Where the Lions Are
My husband and I went to a concert earlier this week and the music fused through me, shook me, held me. I still have it in my blood and skin. I don’t understand music. I can’t clap in rhythm. I can’t sing on key. I can’t tell the difference between notes. I don’t recognize harmony. I don't understand music but I love music the way I don’t understand God, but love God.
Our seats were right up front, as in there were no other bodies between me and him and his three magnificent guitars. I could see beads of sweat fly off his forehead through the shimmer of the stage lights. I could see the texture of his red velvet vest. I could hear his voice reverberate through my solar plexus. He'd turned into an old man, stark white hair and the face of an elder, but his voice held all of the resonance of a young and passionate man.
I cried a few times during the three hours that passed without any internal recognition of time. Once was to a song I listened to over and over again on my dad‘s record player when I was a little girl. First, I would pull out the Leonard Cohen album and listen to Suzanne sitting cross legged on the floor, return the record to its sleeve and then listen to Wondering Where the Lions Are by Bruce Cockburn.

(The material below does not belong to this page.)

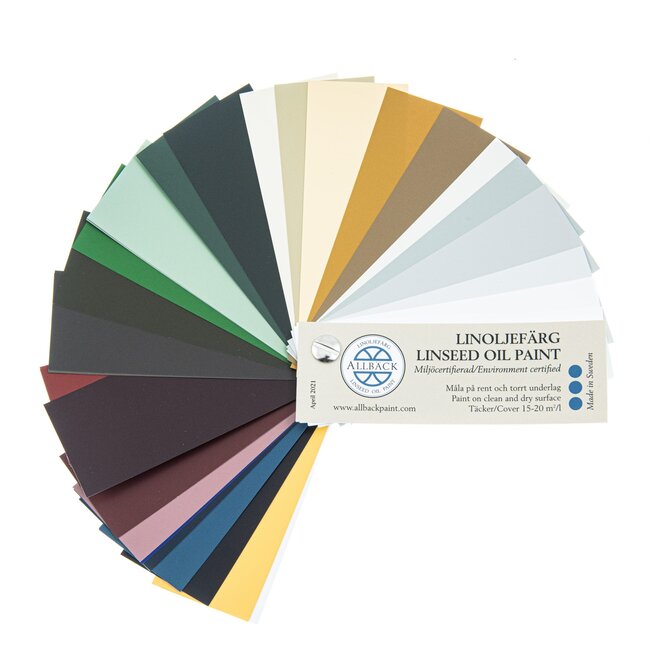 Allbäck  Kleurenwaaier Lijnolieverf | 40 kleuren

I can still vividly see the pattern of colors on the album holding it in my hands.
When I was four, I dreamt there were lions wandering through our neighborhood and for a long time I didn’t understand that this must have been a dream. I was terrified to leave my screened in front porch, playing ship and ocean and mermaid and pogo stick from the safety of our cement steps as often as I could. The cars that drove by where the sharks and the people were the fish, and our yard was a forest of seaweed with ever changing leaves. In my underwater ocean world I know the real danger lurked above, stalking me on dry land.
Bruce Cockburn's song, Wondering Where the Lions Are, made me feel like I was safe, at least for a while. Yes, they'd been there and they may well return – but they weren't here now and it was safe to come out to play.

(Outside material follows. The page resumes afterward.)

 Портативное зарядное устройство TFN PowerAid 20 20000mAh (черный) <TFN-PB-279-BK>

I had another dream about lions at the door
They weren't half as frightening as they were before
But I'm thinking about eternity
Some kind of ecstasy got a hold on me
This song was also the soundtrack of falling in love. When we met, my husband loved Bruce Cockburn, too. Was it safe to love someone else so completely when I'd been ripped, shredded and torn apart before?
Yesterday I woke to loud and expressive crunching right outside of my bedroom door and was afraid that Sun, my girl cat killer, was eating another bunny, severed in half from the inside out, internal organs scattered across our floor. But it was only our dog Virginia eating a generous portion of nachos abandoned by my son the night before. And just as the relief sank in, I saw it-- the naked, featherless baby bird, alien in his translucence, tiny, perfect, still embryonic or else skillfully defeathered. What do I do with my vicious killer when I love her so much?
Two nights ago I cuddled Sun and our bearded dragon in my arms at the same time reveling in the absolute joy of their embrace. After eating all of the kale he could off of the perch of my chest, the dragon lept off of me, onto and over Sun who startled, much more accustomed to hunting prey than being trampled by it. That night I dreamt my mother was cradling a lion cub swaddled in a baby blanket on her lap, the soft, soft fur an alarming contrast to the bright gleam of sharp white teeth. I think that must have been what it was like for her, in many ways, to raise me. Her child who lashed out and bit and roared and wandered, before coming back home.
Up among the furs where it smells so sweet
Or down in the valley where the river used to be
I got my mind on eternity
Some kind of ecstasy got a hold on me
And I'm wondering where the lions are
I'm wondering where the lions are
The lions are still here. But so am I. So are we.